Mohammed Kanar, the area coordinator of Nigeria’s National Emergency Management Agency, said 86 bodies, many of them charred and riddled with bullets, were collected by Sunday aafternoon
Abba Musa of the country’s State Specialist Hospital in Maiduguri, the largest city in the area, said 62 survivors were being treated for burns.
Nigeria’s Vanguard newspaper reported that the assault came after claims by the government that Boko Haram militants no longer had the ability to carry out such major attacks other than through suicide bombings. Nigeria previously had said that its military drove the extremists out of towns and villages in the region last year.

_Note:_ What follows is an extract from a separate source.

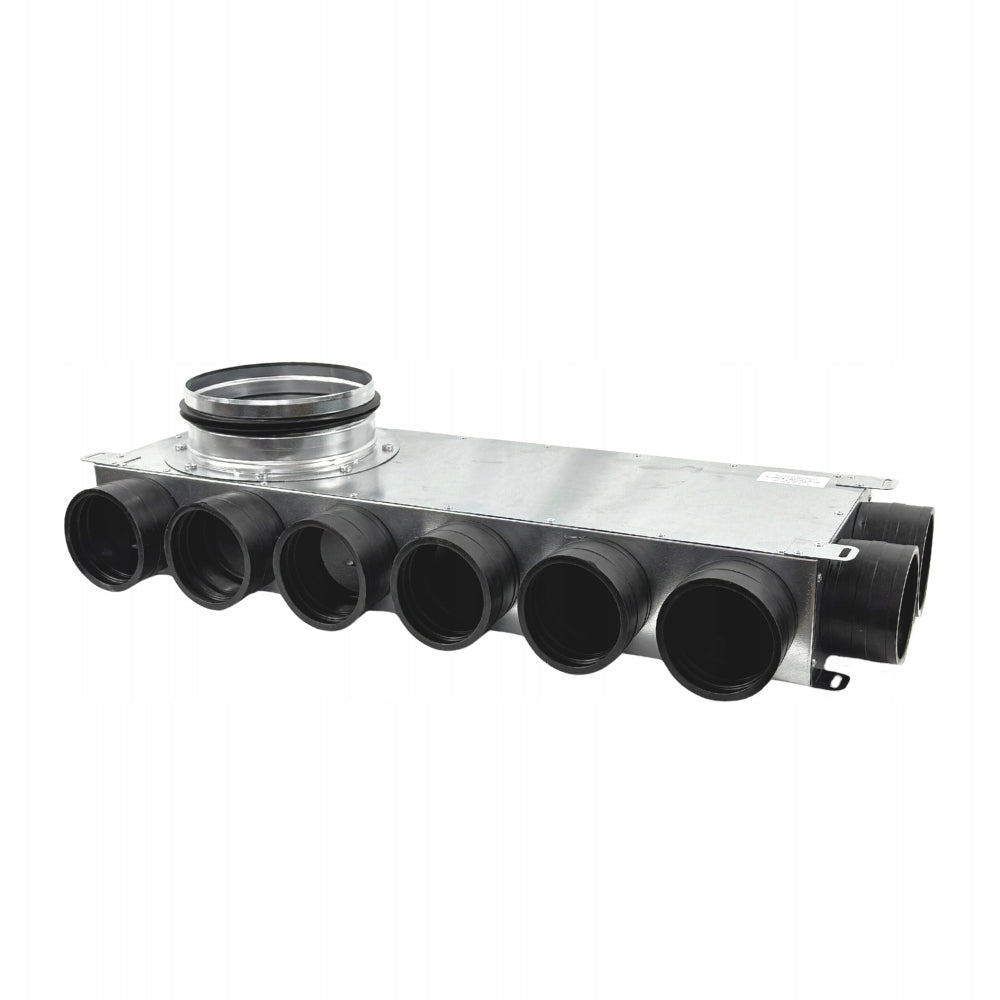 Ventilation corner distribution box with revision fi160 / 8x75mm Kind distribution box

Soldiers who spoke to the AP on condition of anonymity because they were not authorized to speak to the news media said government troops arrived at Dalori but could not overpower the better-armed militants. They said the extremists only retreated after more troops arrived with heavier weapons.
Boko Haram has pledged allegiance to the Islamic State — also known as ISIS or ISIL — and killed about 20,000 people and driven 2.5 million Nigerians from their homes over a six-year period.